Les écoles francophones, ajoute-t-il, sont aussi un attrait essentiel pour de futurs résidents, des «ancrages de vitalité».
Frédérick Dion propose que le retour des télétravailleurs en région soit soutenu par les gouvernements fédéral et provinciaux, qui pourraient mettre en place des politiques de décentralisation pour permettre aux fonctionnaires de travailler à distance.
Le maire de Hearst, Roger Sigouin, abonde dans le même sens et soutient que de telles politiques «vont permettre aux gens de revenir dans leur nid, et je pense que ça va être bon pour tout le monde».

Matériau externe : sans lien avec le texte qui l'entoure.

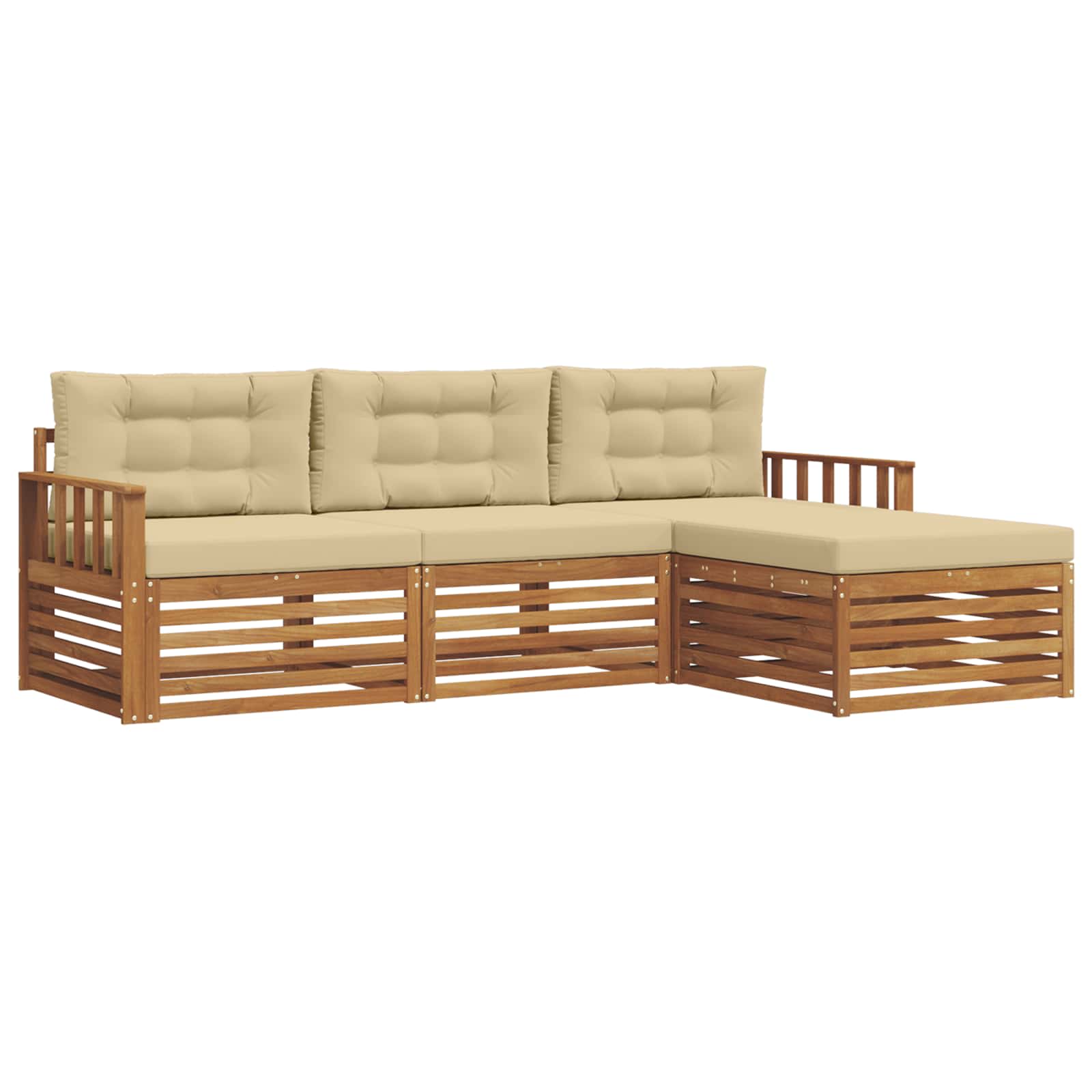 Outdoor-Sofagarnitur Natur und Beige 249,5 x 162,5 x 73 cm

Il identifie aussi que les jeunes familles qui reviennent s’établir en région cherchent à combler «un manque côté nature», mais sont tout de même habituées aux infrastructures de sport et de loisir que peuvent offrir de grandes villes comme Ottawa.
Pour des villes comme Hearst et Kapuskasing, dans le Nord de l’Ontario, Roger Sigouin estime que le développement économique passera notamment par des investissements dans ce type d’infrastructures.
Le retour mouvementé de Sylvie Harrison
Si déménager n’est déjà pas de tout repos en temps normal, la logistique a été d’autant plus compliquée pour Sylvie Harrison en raison de la pandémie :
S’acclimater à la ville dans ce nouveau contexte n’a pas non plus été chose aisée. À son retour en sol sudburois, Sylvie espérait pouvoir de nouveau s’inscrire dans la scène culturelle francophone de la ville : «À Sudbury, la communauté franco-ontarienne, la communauté artistique, j’en faisais beaucoup partie, j’avais l’impression de faire bouger les choses. À Ottawa, ça a été beaucoup plus difficile de m’intégrer dans ces milieux-là […] J’avais l’impression que c’était plus institutionnel. On brasse un petit peu plus fort, à Sudbury!»
Mais en février, c’est le choc : l’Université Laurentienne déclare faillite. «Soudainement il y a cette crise, cette immense crise qui nous préoccupe. J’ai des amis qui ont perdu leur emploi, je connais des étudiants qui n’ont plus de programme», s’inquiète Sylvie Harrison, elle-même diplômée de l’établissement.
Selon elle, l’implosion de la Laurentienne a «énormément bouleversé la ville». À ses yeux, l’université était la pierre angulaire de plusieurs organismes culturels et à but non lucratif, alors que les professeurs et les étudiants de l’université animaient la vie culturelle de la ville, ses théâtres et ses festivals.
«En même temps, je me dis que c’était le temps que je sois là, parce que je peux me joindre aux efforts. Participer et avoir cette flexibilité-là, de pouvoir continuer de travailler, mais de faire quelque chose», ajoute-t-elle.